**EXERCISE GOAL**
From the line containing "Pink Protea on sky blue background" to the last line of the records below, transcribe everything exactly, pictures excluded.

┌──

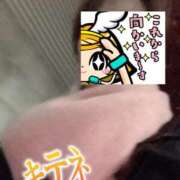 ヒメ日記 2024/12/19 06:33 投稿 もも トマトなび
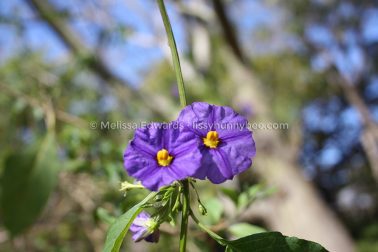 MelissaEdwards BotanicGardens 2011Aug28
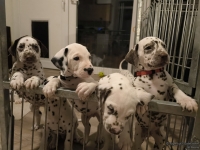 IMG_20250208_212434_web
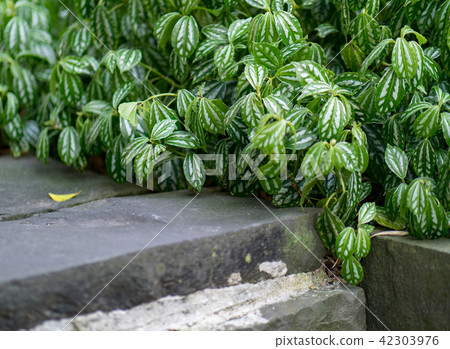 Beautiful stepping stone path through green grass Beautiful stepping stone path through green grass 42303976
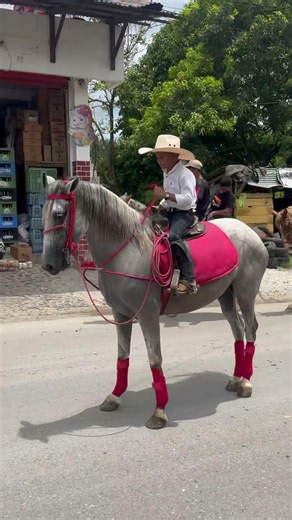 El mero mero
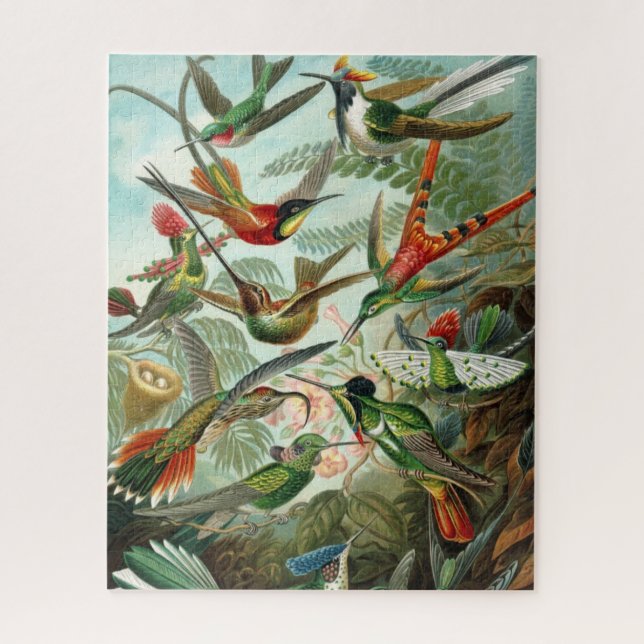 Haeckel Hummingbirds Puzzle (Vertikal)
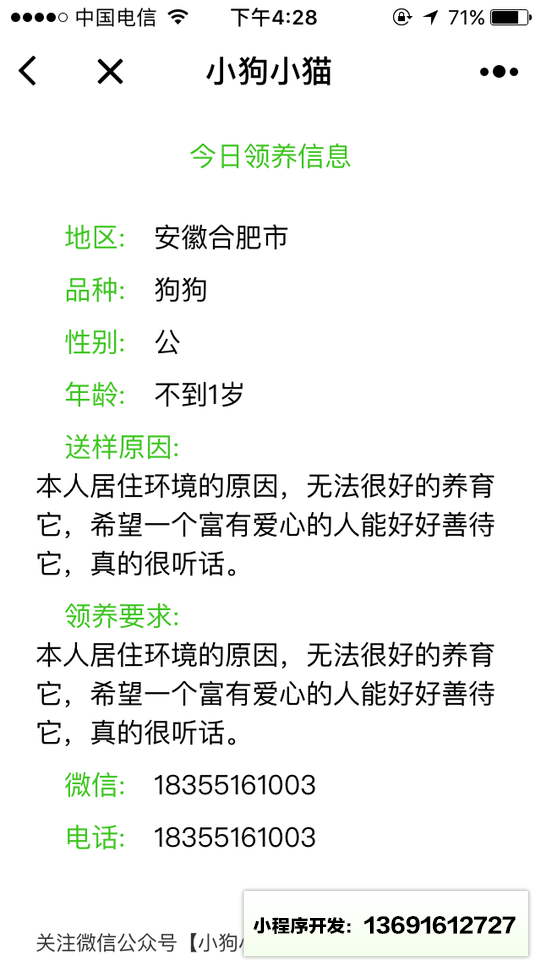 领养小猫小狗小程序截图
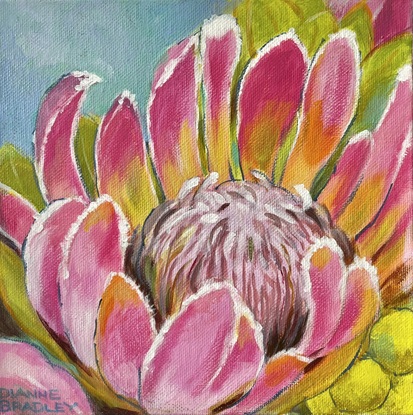 Pink Protea on sky blue background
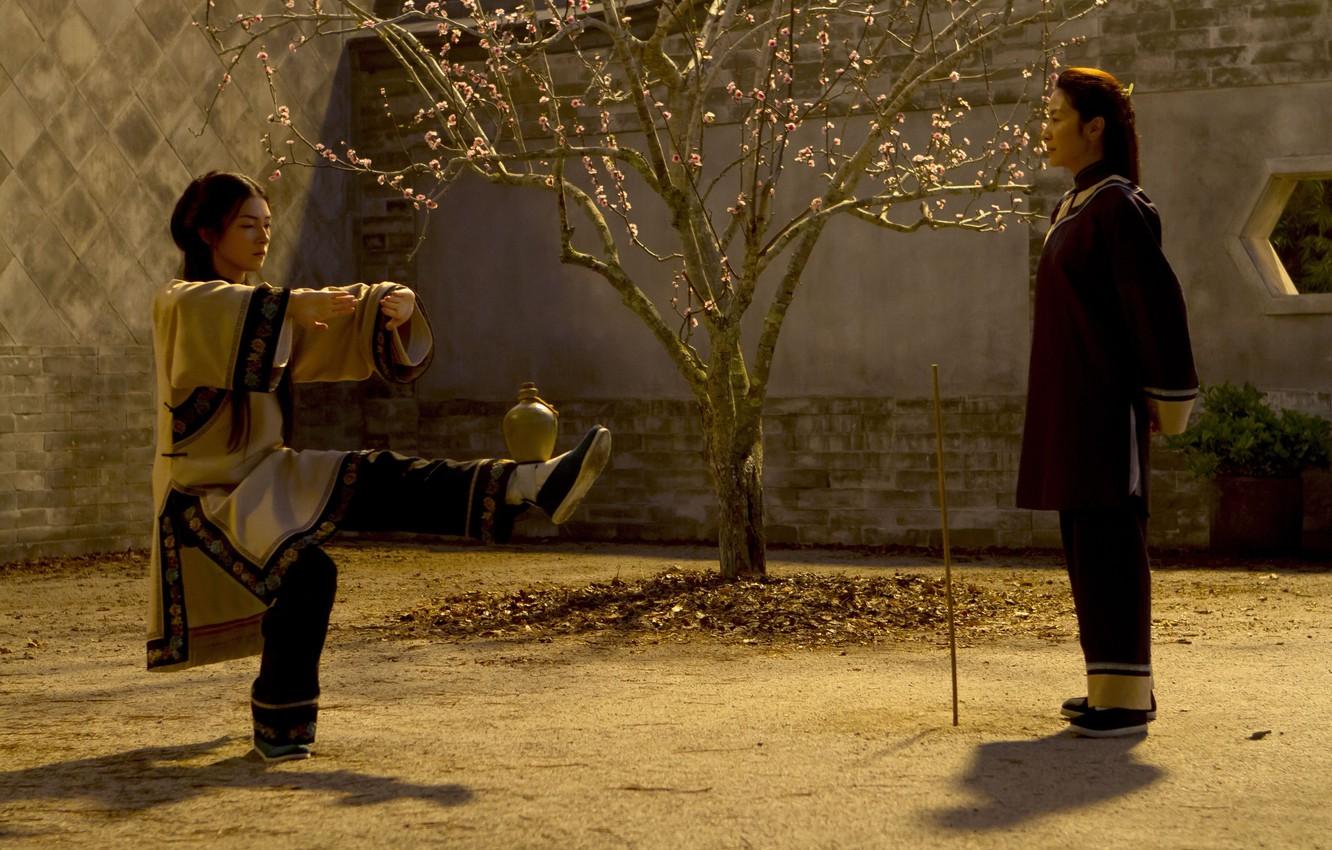 1332x850 Wallpaper China, cinema, movie, asian, film, martial artist, chinese, oriental, asiatic, Michelle Yeoh, Crouching Tiger Hidden Dragon: Sword of Destiny image for desktop, section фильмы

└──

**RESPONSE BOX**
 Pink Protea on sky blue background
 1332x850 Wallpaper China, cinema, movie, asian, film, martial artist, chinese, oriental, asiatic, Michelle Yeoh, Crouching Tiger Hidden Dragon: Sword of Destiny image for desktop, section фильмы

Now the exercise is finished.